I don’t remember if I wrote about changing your passwords last year or not but it’s that time again! April first is a mischief day on the internet and people want your information and I enforce it to be the annual “change your password day”. Let’s get on top of it now so you can do some planning and go read the weird headlines with peace of mind instead.
We so willingly give up our information to trusted companies like Google or Facebook that sometimes we don’t think about the security that holds it all together. It’s easy to be mad when a company’s database is breached even if your password is “password1”. The absolute truth is that nobody is unhackable. Your best bet is to be more secure than most. There are so many bad passwords and poor security policies out there that a hacker won’t waste their time if something is too difficult. That is, unless you’re really worth it.
How long have you had your email password? A year? Five years? That’s too long. Google, Microsoft, and all of the big names are extremely secure in their email hosting but if you hand the key to someone, there’s only so much that they can do. Change your passwords.
Get a password!
You used to want a more complex password. Complex passwords are still very important but today you should put your focus more on creating a long password. I encourage people to type something memorable and make sure to throw in some of the odd characters.
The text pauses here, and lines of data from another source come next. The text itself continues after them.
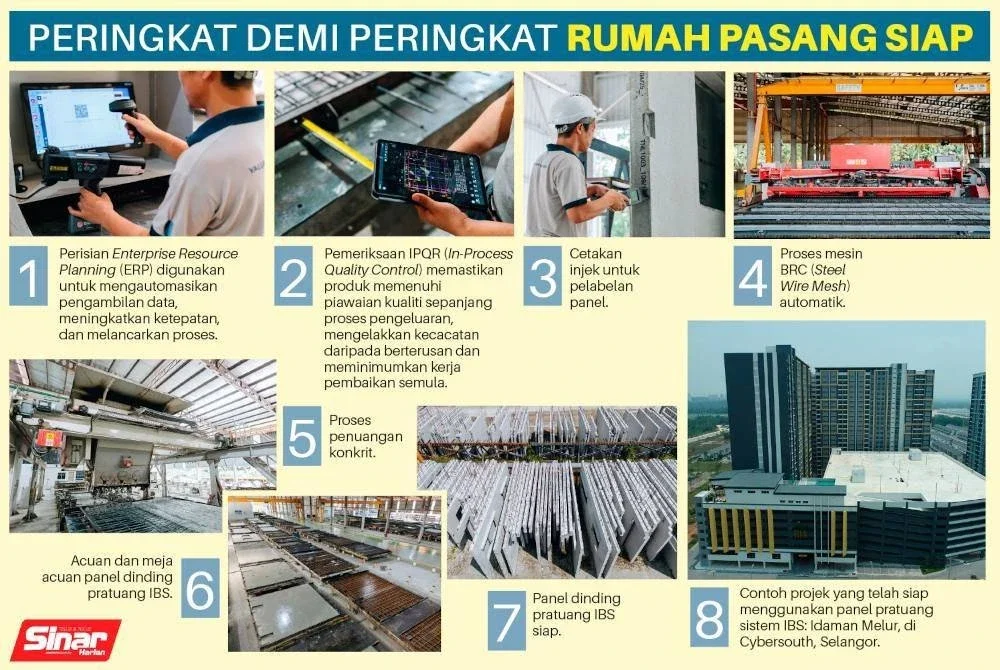 Rumah pasang siap seperti rumah kabin atau rumah moden kini semakin popular, terutamanya yang menggunakan teknologi pratuang Sistem Binaan Berindustri (IBS).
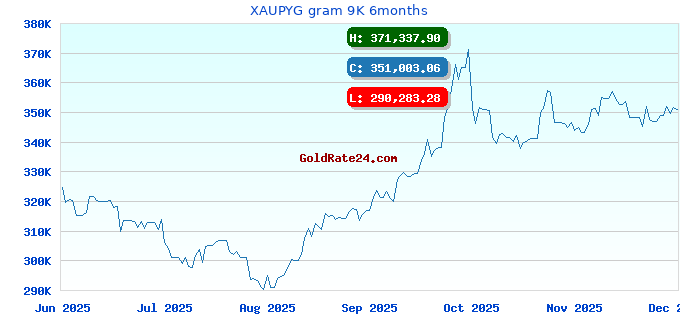 XAUPYG gram 9K 6months
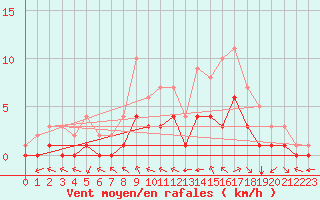 Courbe de la force du vent pour Douzy (08)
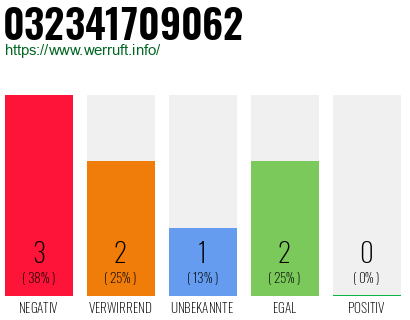 Rufnummer 032341709062 Telefonnummer 032341709062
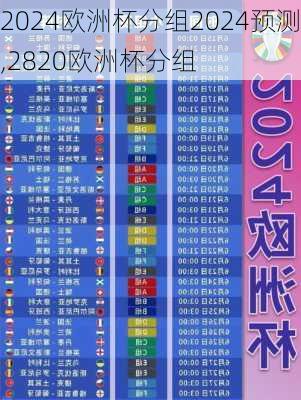 欧洲杯分组2024预测,2820欧洲杯分组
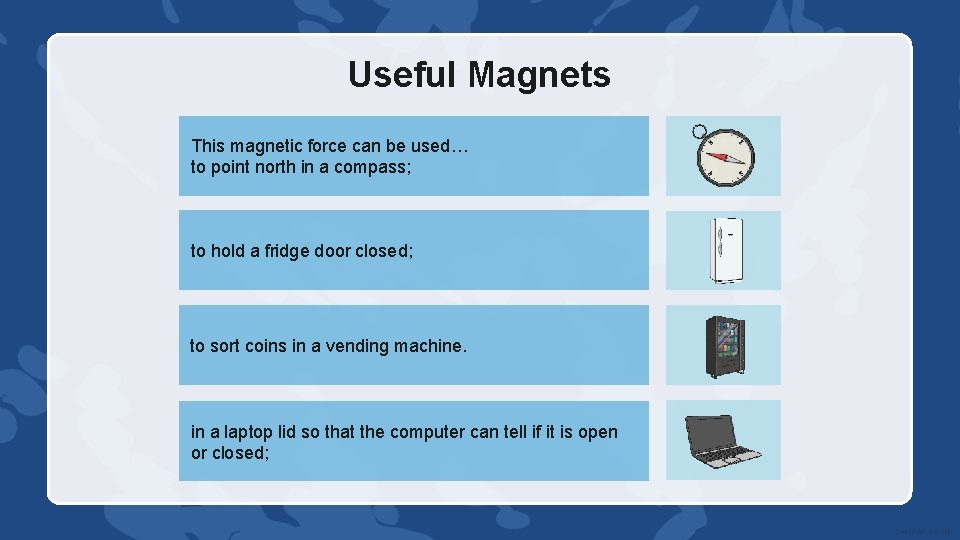 Useful Magnets This magnetic force can be used… to point north in a compass;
How about this;
“I a1ways e@t the la$t slice!?”
That’s 29 characters! We’ve got a few odd characters and it’s not too difficult to remember or to type. It might be a bit tedious but guessing a random 29 character string is harder than any 8 character string. Maybe that can be your master password. More on that soon…
Get a bunch of passwords!
There’s a lot to remember. I recently realized just how many passwords I have as I gathered all of my financial information for tax reasons. There are two important things that I learned. One, I log into Bank X a few times a year, only to look at my mortgage. Second, that’s a lot of money and very important.
What’s the answer? Make it more difficult and super long. Why? You shouldn’t have to remember it anyway.
Get something to manage your passwords!
My password to my bank is 22 characters long. It’s a random string that a computer made for me. After it is entered, I get a text message with a second code to enter to verify that the person logging in also has a hold of my cell phone. This is cumbersome, yes. Would you wish you had it when you wake up with a credit score of 400 and $800,000 of debt? Damn right.
There are several great tools for managing passwords and most are free (or offer a free trial). It can take a lot of time to type in all of your information but once you do, it’s always with you and much more secure than before.
- LastPass will store all of your passwords for free. If you want to pay a dollar a month, you can get a handy app for your devices, a nice browser plug-in, and some extra security features.
- 1Password is less popular and offers the same level of encryption.
- Sticky Password has picked up steam recently and offers some of the best encryption.
- …and many others.
What is the business model? Passwords suck but they’re necessary. Filling in forms online suck but you have to do it. These will give you tools to be more secure. Setup will take some time, expect to burn a few hours of looking up and resetting passwords. But once you’re done – you’re in really good shape. It’ll tell you when you’ve possibly been compromised, if a password is too simple, if it’s too old, and some tools will actually go to the specific websites and change the password for you. What else do you want?
I used to keep passwords in a text file, on a flash drive, encrypted with my own PGP key. It existed only on a single flash drive which was so cumbersome that it was easier to remember the horrible passwords than it was to use it. It was probably the most secure way to do things but, wow, what a pain.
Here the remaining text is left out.